Business Transactions Flashcards
Agency
Formation of agency:
Agency is a fiduciary relationship that arises when one person (the “principal” appoints another (the “agent”) to act on the principal’s behalf and the agent consents to act.
Modes of creating agency
by parties (agreement) or by operation of law (by estoppel- is the same as operation of law, third party reliance or by Statute- statutes creating agencies are usually designed to accomplish a limited purpose)
Duties of agent
CLOE Agent – Care, Loyalty, obedience, express in contract.
Duties of Principal to agent
CECI – Compensation, Express contractual duties, cooperation, indemnity
Type of Authority does Agent have
Actual – express of implied. In contract or the parties reasonably believes.
Apparent- exists when the (i) principal “holds out” another as possessing authority and based on this holding out, a (ii) third party is reasonably led to believe that authority exists. Exception: when agent does not have actual authority not liable, ultra vires acts. except – when entered the contract for a principal and he permits an impostor to be in a position to appear to have agency authority.
Ratification elements-(i) principal have knowledge of all material facts (ii)accept the entire transaction) (iii) principal have capacity. Company KARMA – Capacity, Knowledge, accepts, ratifies, material acts
Ratification elements
Company KARMA – Capacity, Knowledge, accepts, ratifies, material acts
Frolic and detour:
Frolic and detour: a detour or small deviation from employer’s direction is within scope of employment.
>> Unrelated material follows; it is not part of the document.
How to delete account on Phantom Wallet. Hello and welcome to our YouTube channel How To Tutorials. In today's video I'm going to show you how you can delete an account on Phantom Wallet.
Frolic: major deviation, no.
Partnership
Duties to the other partners:
CLOD – Care, loyalty, obedience, disclosure.
Corporation
Types of creation:
de jure corporation, we need a person (name of each incorporator), a paper (articles of incorporation), and an act (file at secretary of state).
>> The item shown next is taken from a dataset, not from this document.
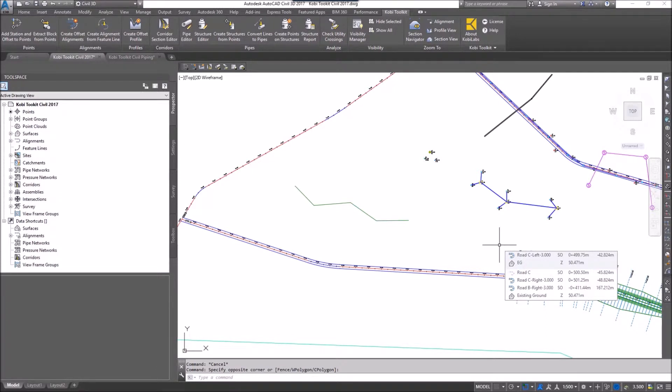As you know, with Civil 3D we can take an alignment and turn it into a feature line, but we can't actually take a feature line and turn it into an alignment and profile.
De Facto: courts recognize limited corporate liability if there was a colorable, good-faith attempt to incorporate and actual use of the corporate form, such as by contracting in the corporate name.
By estoppel: most jurisdictions recognize limited corporate liability if a third party deals solely with the purported corporation and– and the parties acted that there were a corporation
Fraud in the corporation? Piercing the corporate veil (PCV)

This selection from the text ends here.